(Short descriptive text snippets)
>>>
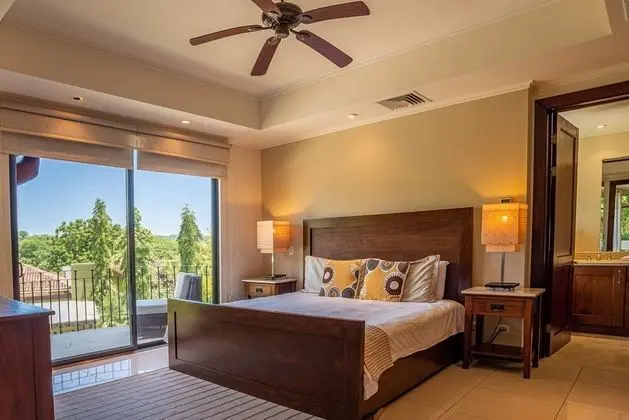 Carao T5-2 - Luxury Condo Adults Only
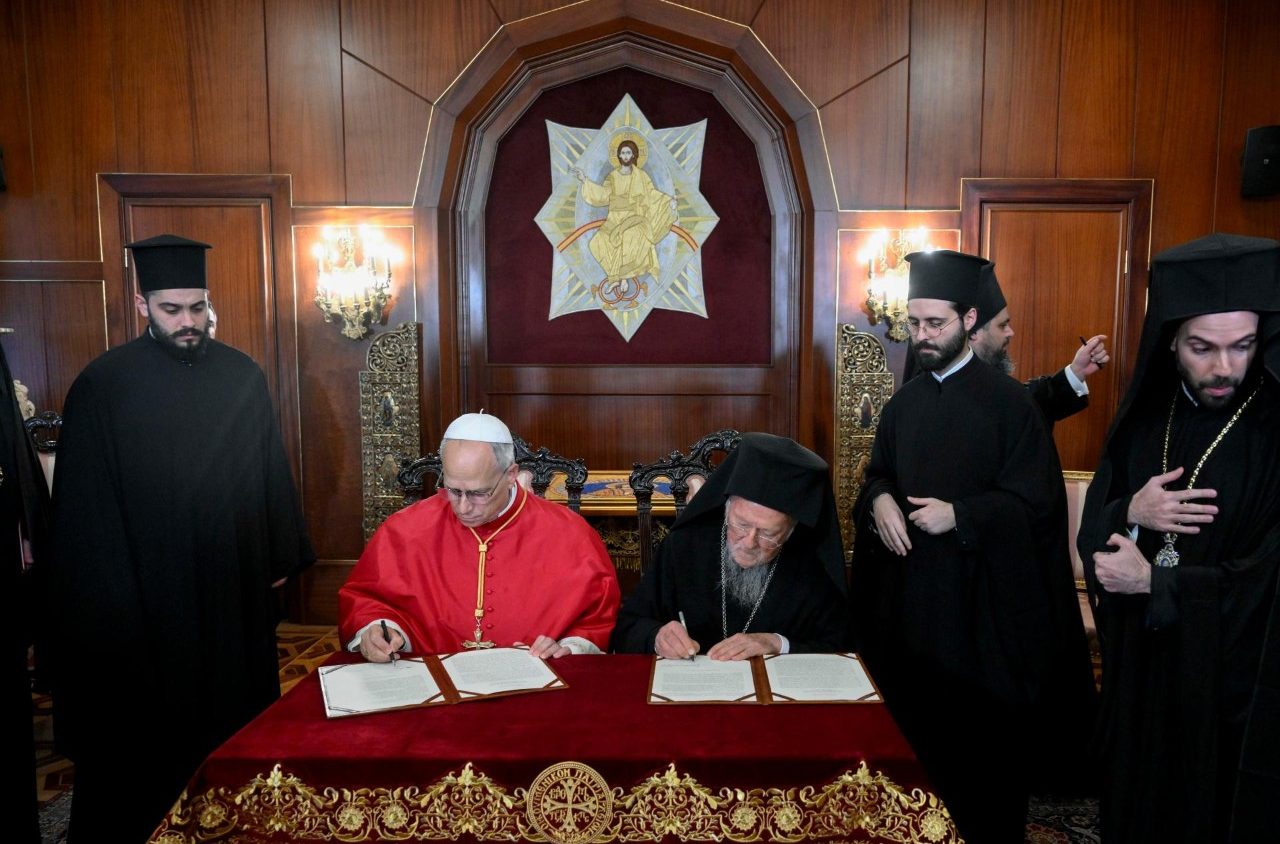 León XIV y Bartolomé: nunca usar el nombre de Dios para justificar guerras y violencia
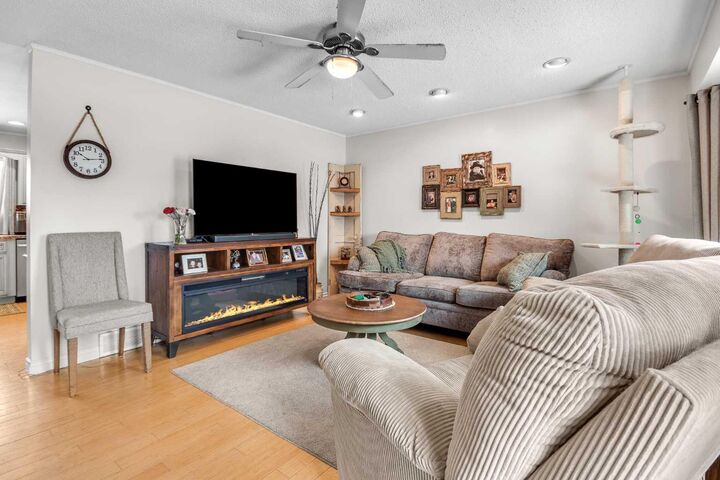 Property Photo:  4812 53 Avenue  AB T0B 2P0 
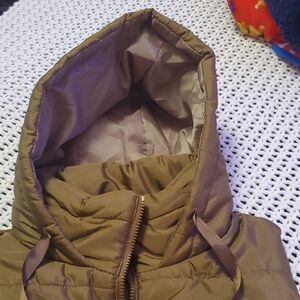 WOMAN HOODED SLEEVELESS COAT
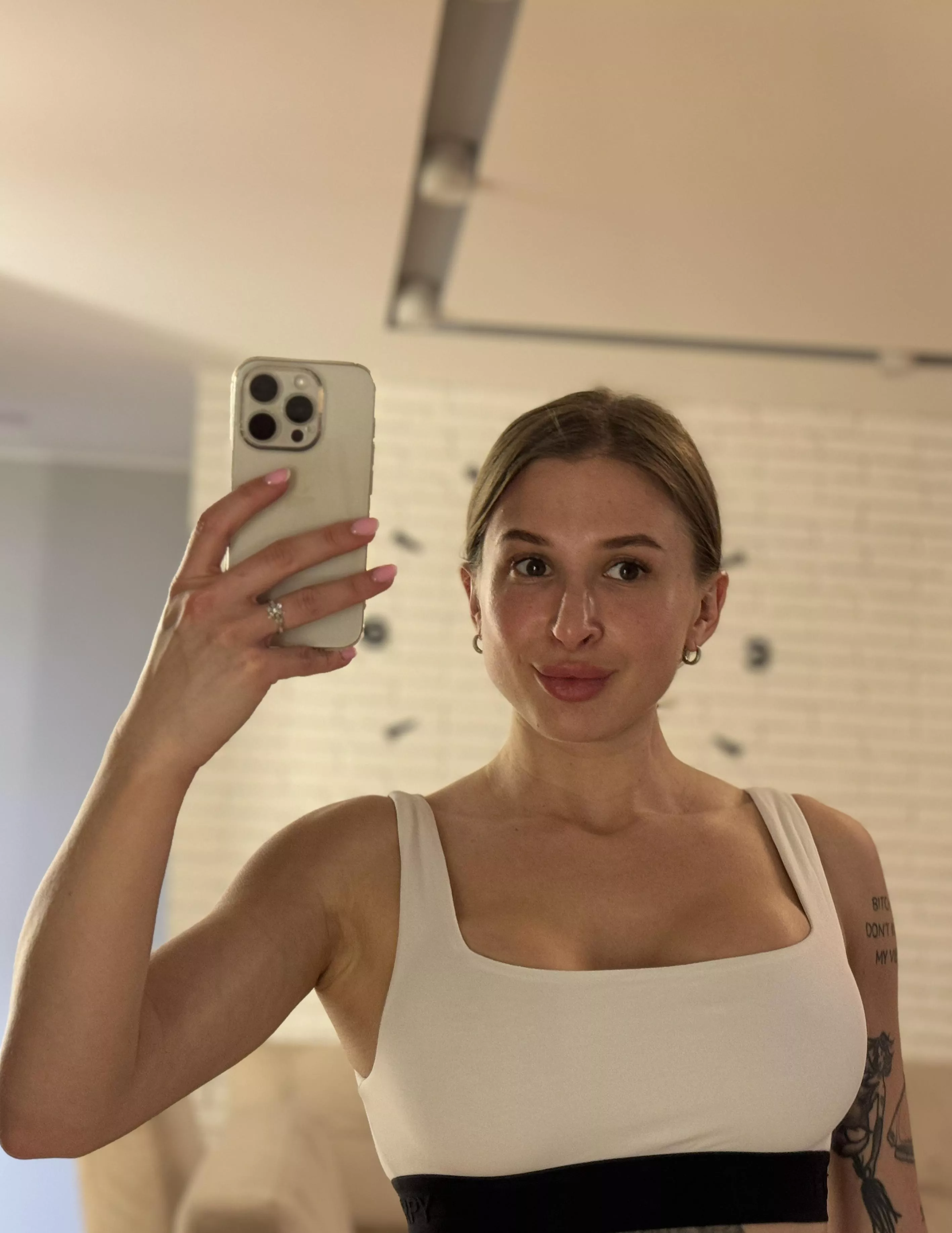 Today I want everyone to have a great day, selfie with a smile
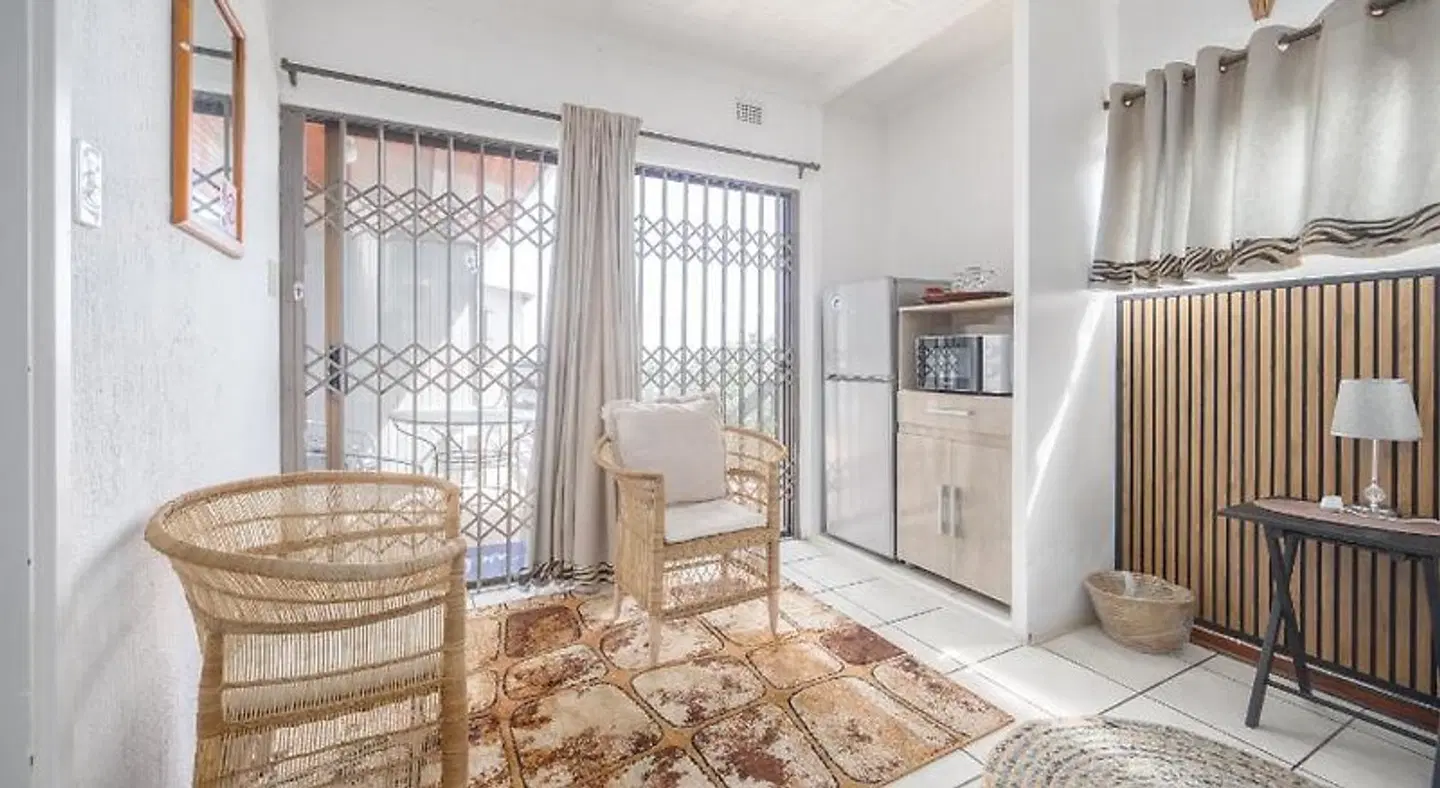 Beachcomber Bay Guest House ROOM_EXAMPLE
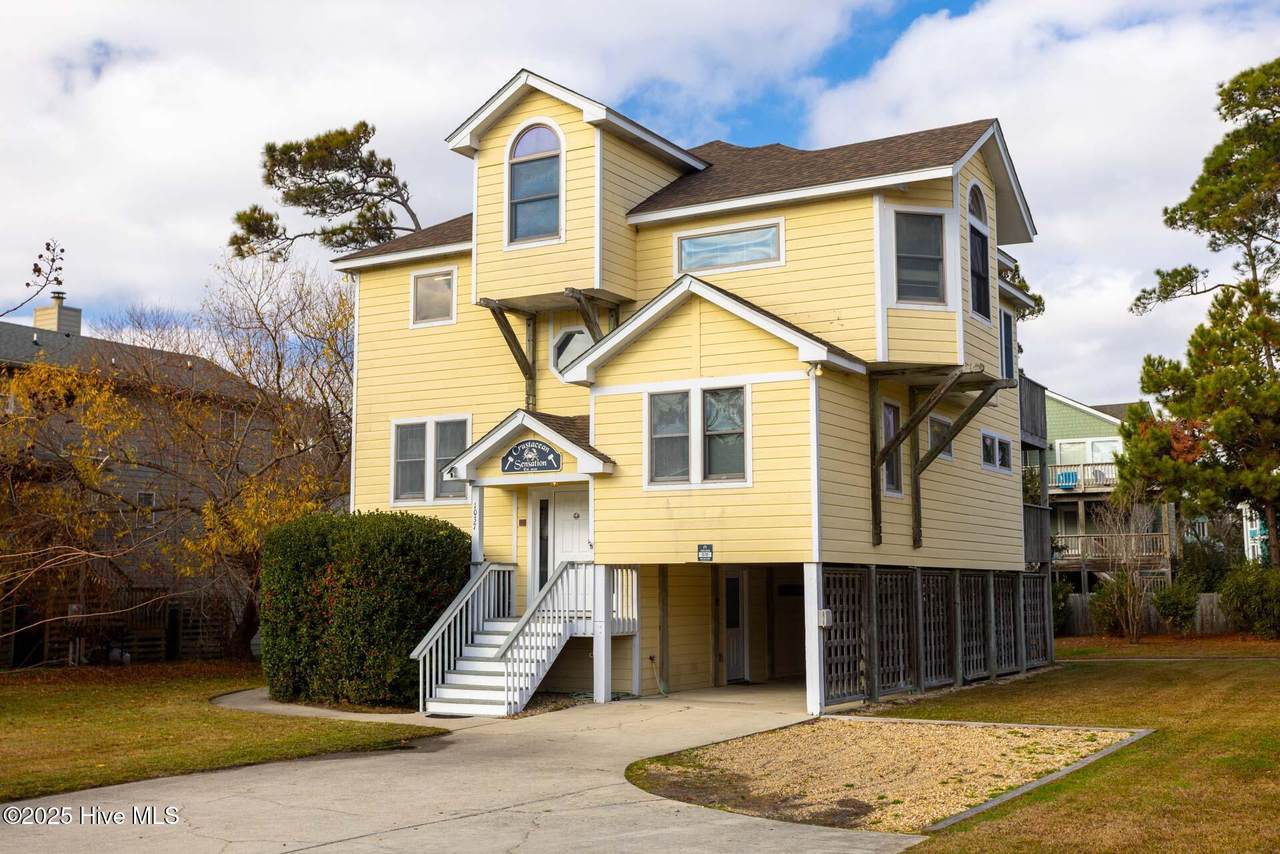 1037 Hampton Street - Photo 1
<<<
▶ [WHAT YOU ARE ASKED TO DO]
Could you repeat the entries word for word, skipping the pictures they contain?

▶ [SOLUTION FOR THIS EXERCISE]
 Carao T5-2 - Luxury Condo Adults Only
 León XIV y Bartolomé: nunca usar el nombre de Dios para justificar guerras y violencia
 Property Photo:  4812 53 Avenue  AB T0B 2P0 
 WOMAN HOODED SLEEVELESS COAT
 Today I want everyone to have a great day, selfie with a smile
 Beachcomber Bay Guest House ROOM_EXAMPLE
 1037 Hampton Street - Photo 1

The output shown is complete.